In the next figure, you will find the electric schematic of a Boost converter. This converter has many differences from the Buck converter modeled here. From a mathematical point of view, we can see that the switch is in the middle between the inductor and the output, so it cannot be modeled as a pulse train between zero and VCC. Also, when the switch is activated, the inductor is connected to the ground, which is the opposite behavior we saw in the buck converter.

To start modeling the converter we need to identify the different variables we have. By solving these variables we will be able to solve the circuit for any value of \(t\). The variables are almost the same as we can find in any converter.

First of all, we have the current through the inductor, which follows the next equation

\[i_L(t) = \frac{1}{L} \int v_L(t) dt\]

Then we have the voltage of the capacitor which is the same as the output voltage, and follows the next equation

\[v_C(t) = \frac{1}{C} \int i_C(t) dt\]

These two equations can be discretized using either the Impulse Invariance method or Tustin. In this case, I used the Impulse Invariance because it is easy to implement, but both of them would have similar behavior.
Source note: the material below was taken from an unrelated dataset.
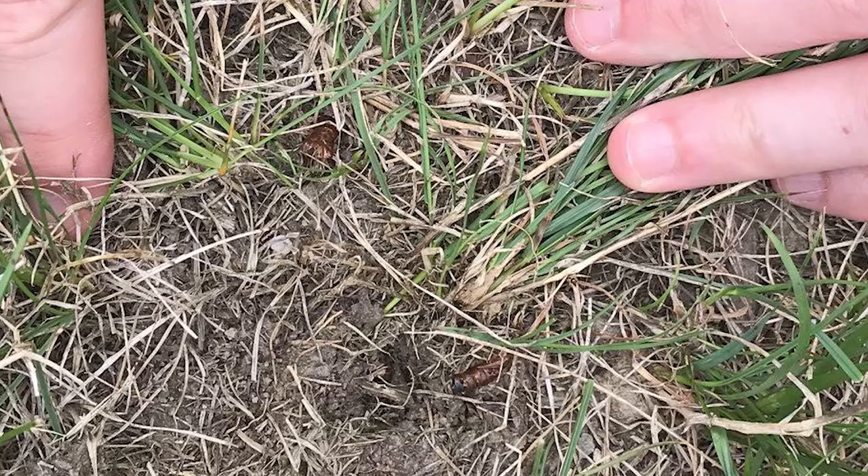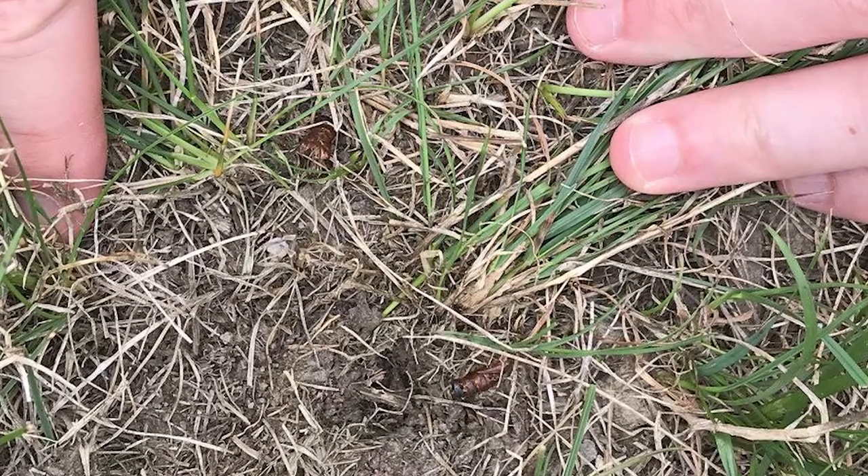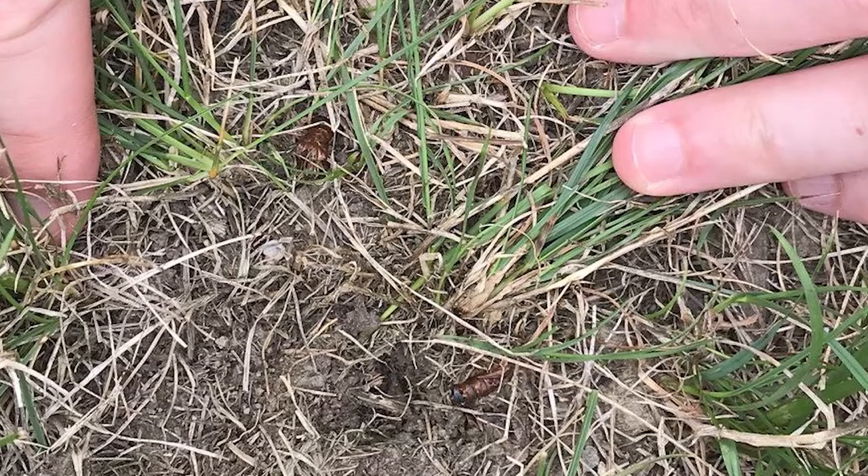The sod webworm caterpillar will actually be a somewhat small caterpillar — about that big. It's kind of light brown, maybe a dirty whitish, but there are four rows of dots that go down each body segment. You'll have little dark brown dots on each segment of that body. It'll have a dark head capsule and you will actually see three sets of legs on that caterpillar.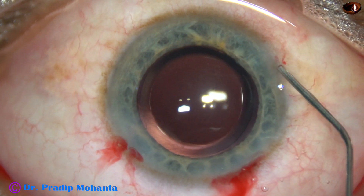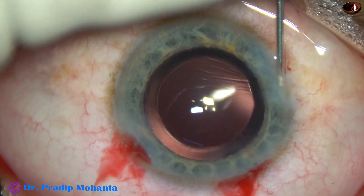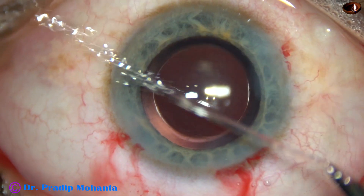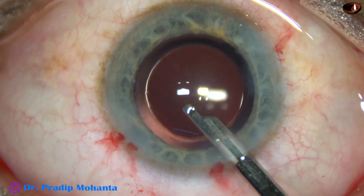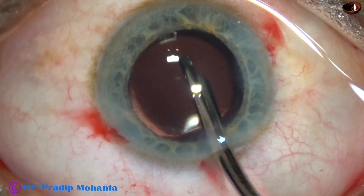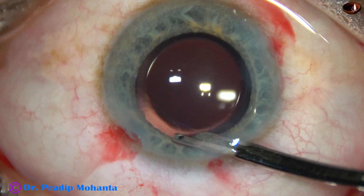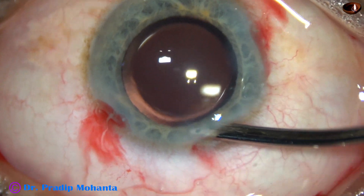The lips of the side port wounds become thick and they get nicely opposed. And now, our final lavage of the anterior chamber. At this time, any visco remaining on the back surface of the cornea is removed. The anterior chamber is nicely washed and nicely formed. And then the case is concluded.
\[H(z)=\frac{T}{1-z^ {-1}}\]

Finally, we have the equation of the resistor current

\[i_R(t) = \frac{v_C(t)}{R}\]

If we want to improve the confidence of the model, in boost converters there is another variable that limits the output voltage of the converter, the inductor’s resistor. Let me explain this. Boost converters, like everything, meet the thermodynamics rules, that is, the output power will be always less than the input power. Therefore, since the boost converter elevates the input voltage, it needs to increase the input current proportionally so, if we want to double the input voltage in the output, the input current will be twice the output current, and all of this current flows through the inductor. If the inductor has no resistance, this relation can be extended until \(D=1\) with an output voltage of infinite volts. Adding this resistor, in this case, the voltage in the ideal inductor is reduced while the input current is increased, reaching a limit in the output voltage. The equation of this resistor is quite simple. The current across this resistor is the same as the inductor current, so we can calculate the voltage loss as follows.

\[v_{RL} = i_L(t) \cdot RL\]

Now it’s time to join all the equations, and here we will find the main difference between the Boost and the Buck converter. In the Buck converter, the only variable that changes with the switching is the input voltage. In this case, we can find that the current that flows through S2 depends on the state of S1, being 0 when S1 is active. This is because the diode just allows the current flow in one direction, so when v2 is connected to ground S2 behavior is like an open circuit, and \(i_C+i_R = 0\). Another variable that modifies its behavior with the switching is the inductor voltage, and therefore the inductor current. In the next figure, you will find the whole circuit we are going to model.

Translating the last paragraphs into equations, we will have the next discontinuities.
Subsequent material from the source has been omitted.